IRS Auctions Industrial Recovery Service
I am betting there will be a lot of deals out there in the next 6 - 12 months.
Kind of wish I would have waited a little longer, but I needed to cut parts by now anyways.
Just remember it will take at least another 10 K above purchase price to get it to your shop and set it up, even if you have all the air, power, and dust collection you need already.
Then another 3 - 4 k in tooling etc..
Am I thinking right that a Komo would take 300 sq ft?
Click the link below to download the file included with this post.
Not to mention the 15% fee to auctioneer, that didn't exist not too long ago. I guess the money would have come out of the seller before.
Is Sales tax enforced on out of state sales?

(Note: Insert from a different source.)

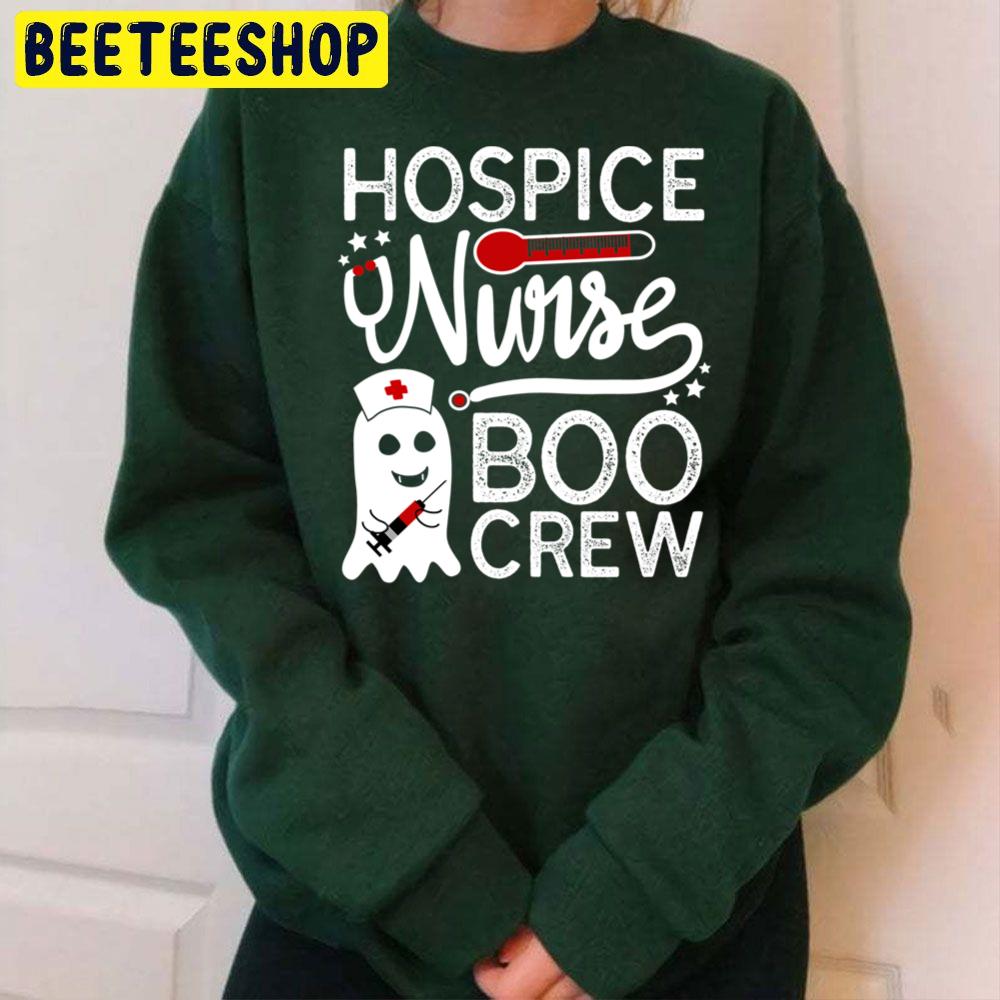 Hospice Nurse Boo Crew Ghost Nurse Halloween Trending Unisex Sweatshirt Hospice Nurse Boo Crew Ghost Nurse Halloween Trending Unisex Sweatshirt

Those two items would add 23% or so as well
I paid the auction fee but they did not charge me sales tax, I bought out of state.
I am not sure about the 300 square feet but it seems about right
You came close on your prediction
Actually I was right on , this is the one I was talking about, ended yesterday in texas. I am actually surprised it didin't stop at 4 ish but you never know and this one was a 2003 and in good shape. I am a little surprised that it went for that with the covid and that Onsrud in Colorado will be real interesting to see what it goes for, I bid on on just like it last year and it went for over 100 K and this one is only one year older so we will get to see how people are feeling about the economy with that one if it goes for under 30 ill be surprised and if it goes for over 55 I would say were not in for much of a hit on the economy.
Check this out, sold this week 2007 Weeke with offloading and two 2014 becker vac pumps and an older northwood for under 2k there are some good deals out there to start CNC on a budget for sure.
Not sure of the value of the Dodds if you have to dovetail drawers it seems like cnc would be the way to go.
The Northwood could kill you on parts
Not sure about how long a Weeke, 10 years?